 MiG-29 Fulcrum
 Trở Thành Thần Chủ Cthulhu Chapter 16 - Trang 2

━━━━━━━━

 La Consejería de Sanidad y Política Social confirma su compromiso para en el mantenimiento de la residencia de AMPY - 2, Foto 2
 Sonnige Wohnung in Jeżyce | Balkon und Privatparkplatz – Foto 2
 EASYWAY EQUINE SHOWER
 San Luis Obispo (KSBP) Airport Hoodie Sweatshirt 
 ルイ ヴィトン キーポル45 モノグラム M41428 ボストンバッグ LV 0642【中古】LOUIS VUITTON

━━━━━━━━

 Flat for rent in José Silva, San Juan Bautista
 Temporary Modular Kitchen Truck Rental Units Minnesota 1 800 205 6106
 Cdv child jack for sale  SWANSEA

━━━━━━━━

Problem - In the entries above, find the line holding "MiG-29 Fulcrum" and the line holding "Trở Thành Thần"; print both of them and every line between, exactly, and nothing else.

Expected answer -
 MiG-29 Fulcrum
 Trở Thành Thần Chủ Cthulhu Chapter 16 - Trang 2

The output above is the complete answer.